A comienzos de los años cincuenta, la Cofradía de Pescadores retomó su caso y le proporcionó un coche de inválido para que pudiera recuperar la movilidad. El vehículo tenía la forma de un triciclo y disponía de una manivela situada en el manillar que le permitía al conductor poder dirigir el coche utilizando sólo las manos. El coche le dio la vida y desde entonces pudo regresar a las calles, a mezclarse con la gente y a ganarse el pan con su propio esfuerzo.



Gracias a la mediación de la cofradía, el ayuntamiento le concedió un permiso especial para que José el Garrancha pudiera dedicarse a la mendicidad de forma legal y le dio unas de las viviendas que la Obra Social de Falange construyó para los pescadores en el barrio del Tagarete.

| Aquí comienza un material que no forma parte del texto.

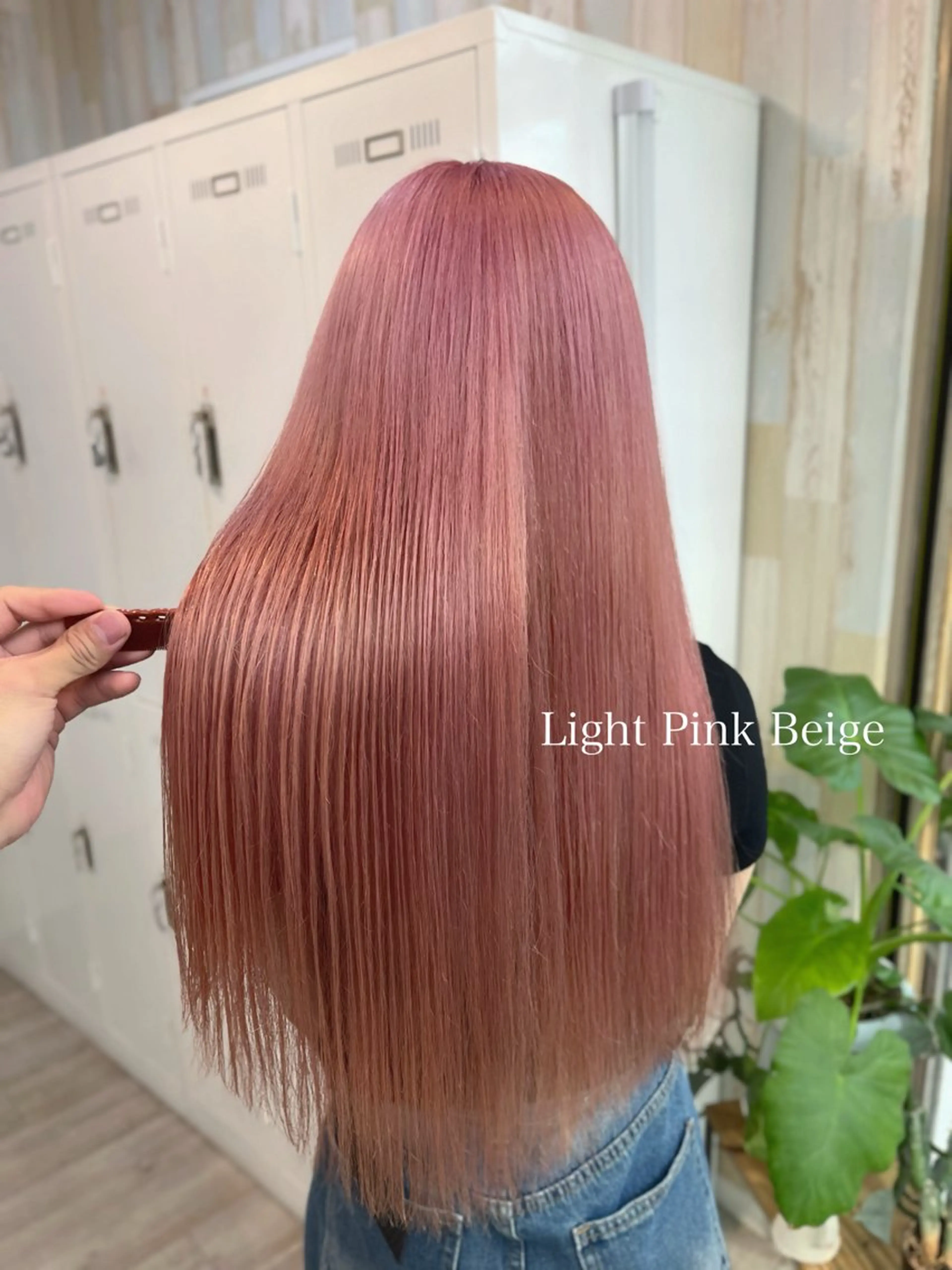 ミディアム カラー パーマ ヘアアレンジ ブリーチ ピンクカラー 髪質改善 トリートメント 二ヶ月綺麗が続くレ イヤー/星野六三四のヘアスタイル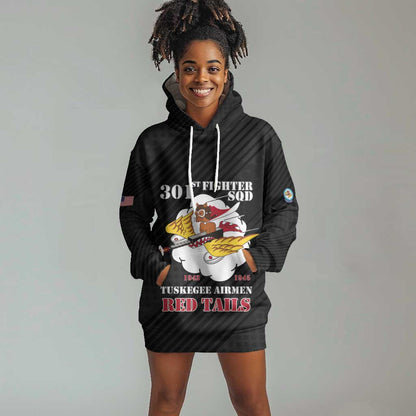 Personalized 301st Fighter Squadron WWII Hoodie Dress Red Tails Heritage - Black - African Pride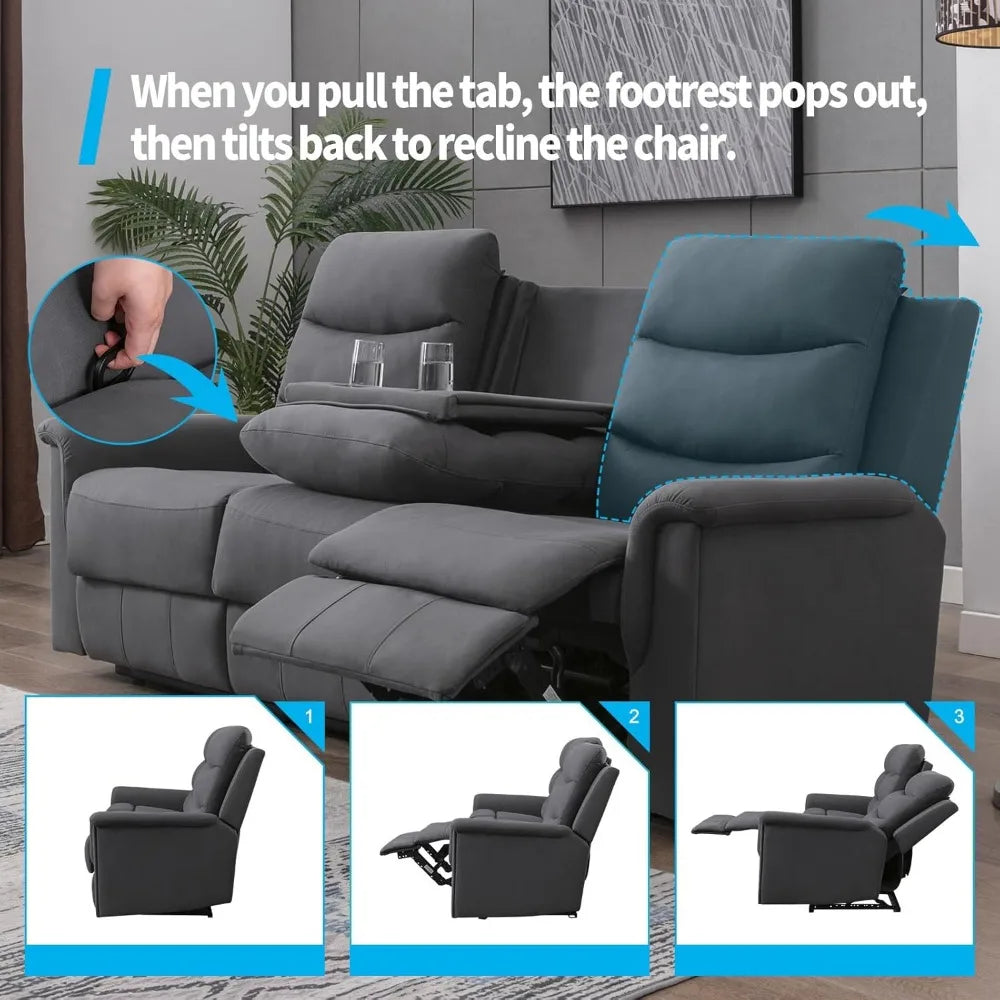 Adjustable Living Room Sofa with Flip Middle Backrest, Home Theater Seating Couch, Modern Convertible Couch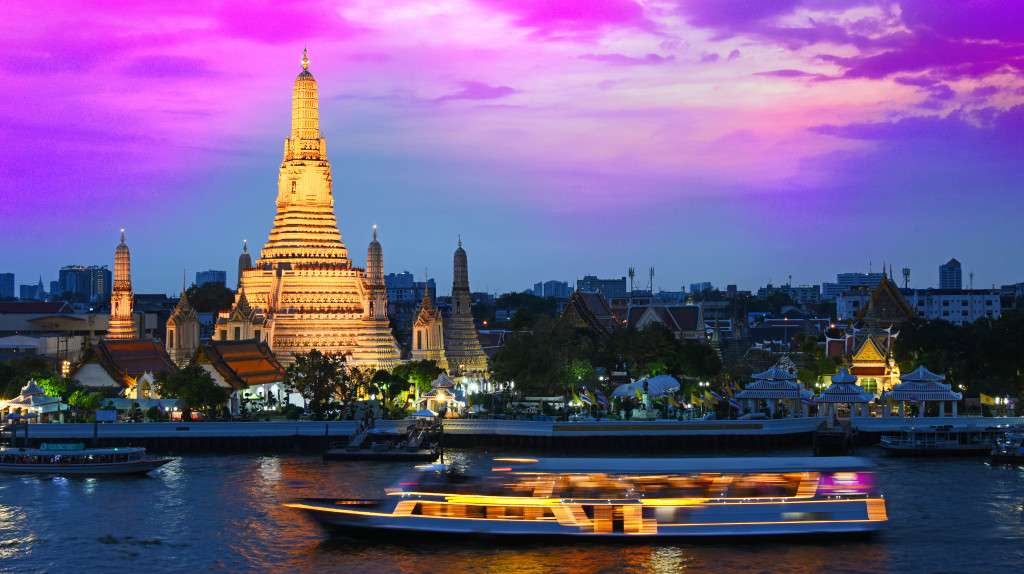Wat Arun Ratchawararam, a Buddhist temple in Bangkok, Thailand.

A bordo de su cochecillo, los domingos y los días festivos se iba a la puerta de la iglesia de San Pedro y entregaba su alma a la generosidad de los fieles que acudían a escuchar la misa. Por la tarde, se colocaba en la puerta de la Terraza Apolo, que ocupaba el solar donde en 1968 construyeron el Gran Hotel, y allí se ponía a pedir aprovechando el tirón de gente que acudía a las sesiones de cine o a ver los combates de boxeo que se organizaban en las noches de verano.


Cuando llegaba la Feria empezaba para él la temporada alta. No necesitaba pedir, ni la ayuda de un cartel que informara a la gente de sus desdichas; la estampa de aquel hombre sin piernas y con los dedos de las manos mutilados, era motivo suficiente para que todo el mundo le dejara una moneda en la cesta


Una noche de Feria de 1966, cuando regresaba a su casa después de una madrugada de trabajo, un coche se lo llevó por delante cuando cruzaba por la Avenida de Cabo de Gata a la altura de la calle América. El destino le tenía guardado un último golpe al viejo pescador;  unas horas después moría sobre una fría camilla de la Casa de Socorro de Ciudad Jardín.